Apr 17, 2024 - Economy

The U.S. may be entering a new era of persistently high interest rates

Ten year Treasury yield
Data: Federal Reserve; Chart: Axios Visuals

We may or may not be entering a new era in which interest rates and inflation are persistently higher than in the recent past. But if we are experiencing such a shift, it would look a lot like what we're seeing right now.

Why it matters: Major shifts in the economic landscape typically don't happen overnight, but rather in fits and starts — as a period of discovery that something important has changed.

  • The movement in rates, inflation and the outlook for Fed policy over the last few months — and especially over the last week — fits that pattern.

The big picture: The Fed's plans to pivot toward interest rate cuts in the near future — more or less announced in December — are in disarray after three straight months of elevated inflation to start 2024.

  • Chair Jerome Powell confirmed that Tuesday, saying that "[g]iven the strength of the labor market and progress on inflation so far, it's appropriate to allow restrictive policy further time to work and let the data and the evolving outlook guide us."
  • But apart from tactical considerations the Fed must make in deciding its interest rate policies, action in bond markets is consistent with a bigger rethinking underway as to where rates will settle once the recent bout of inflation is long over.

State of play: The two-year U.S. treasury yield, which is highly sensitive to near-term Fed policy, has soared in the last couple of months, as one might expect. But so too have longer-term yields. The 10-year U.S. treasury is yielding 4.63% this morning, up from 3.87% at the start of February.

Flashback: The recognition that the 2010s would be a period of persistently low growth did not happen overnight. Rather, it was a gradual process of discovery by bond traders and Fed policymakers alike.

  • In 2009, for example, when the economy was in tatters, long-term treasuries offered higher yields than they would in 2016 when it was reasonably healthy.
  • And in 2015, Fed officials projected rate hikes that were not enacted because growth and inflation didn't arrive as forecast.

What they're saying: "2024 is starting to look like 2015, but in reverse," writes Bank of America Securities economist Michael Gapen in a note.

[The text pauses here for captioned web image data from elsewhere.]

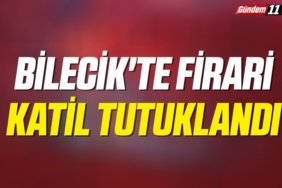 Bilecik'te Firari katil tutuklandı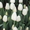 Сортовые тюльпаны и гиацинты - Изображение #3, Объявление #1042388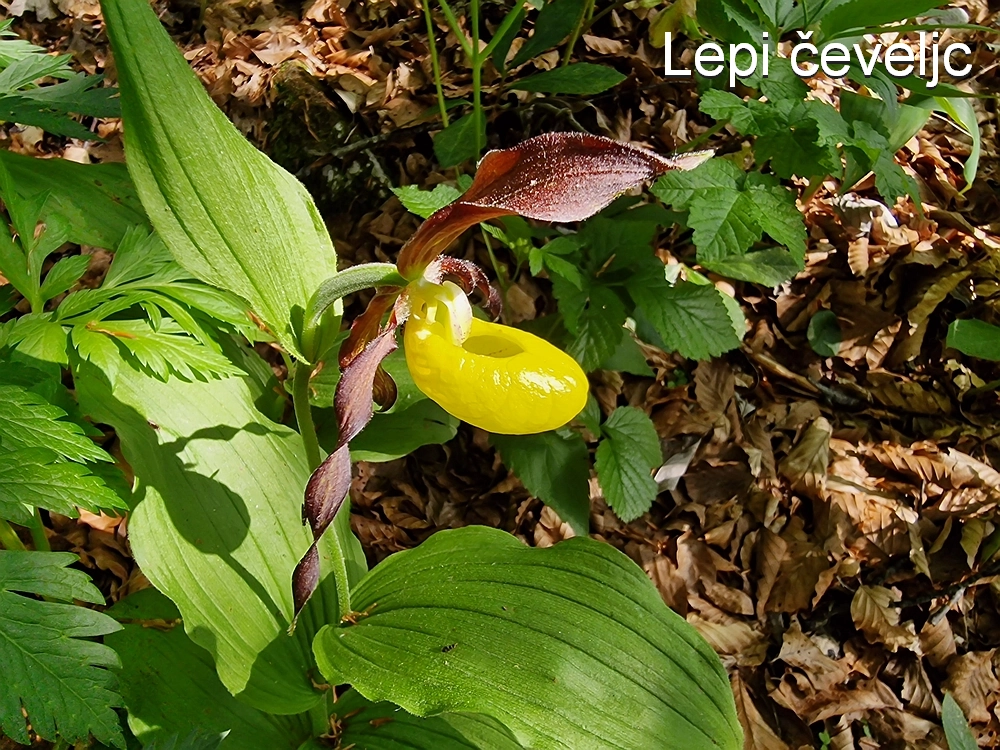 Slika je vidna v Google Chromu.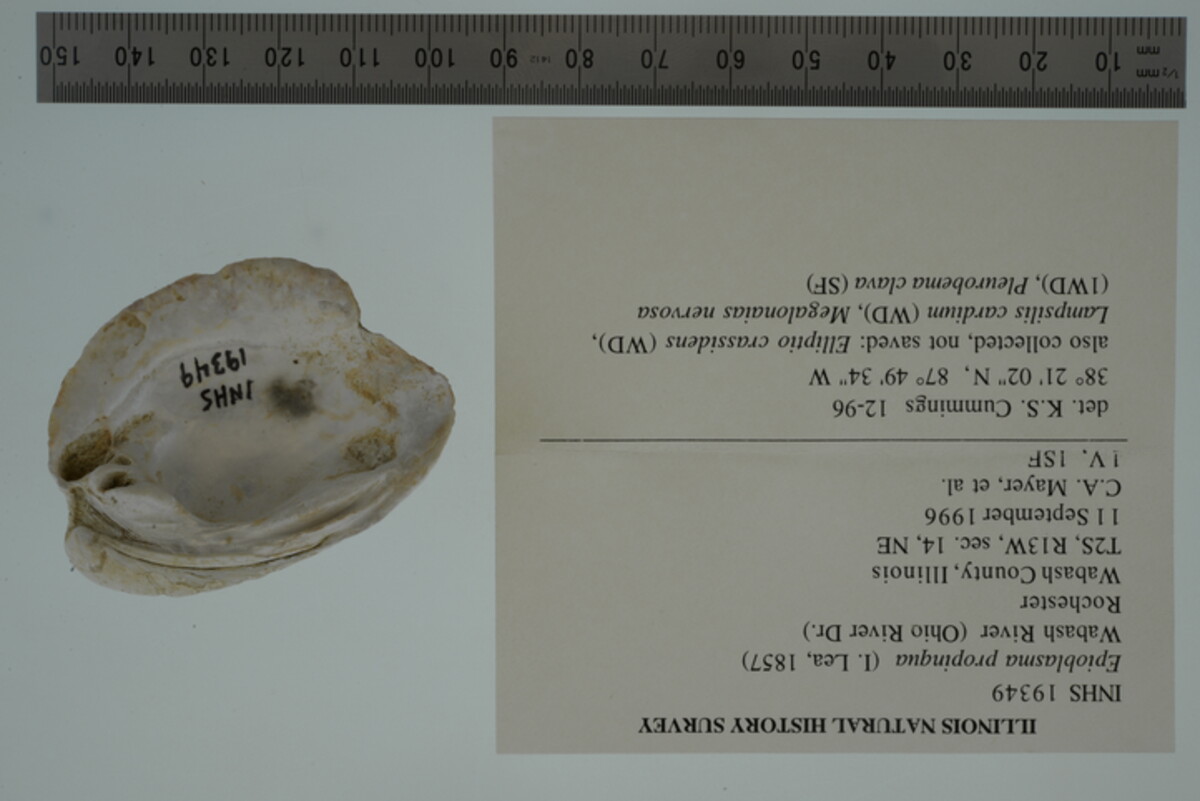 Epioblasma image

  • "Then the Fed signaled hikes it could not deliver; now the Fed may be signaling cuts that the inflation data do not justify."

The bottom line: The consensus view at the Fed has been that their policy of 5% and higher interest rates is restricting economic activity, putting inflation on a glide path downward.

  • Inflation data and bond market moves have undermined that thesis, giving hints that elevated interest rates may not be restricting the economy as much as they thought, but rather reflect a new normal.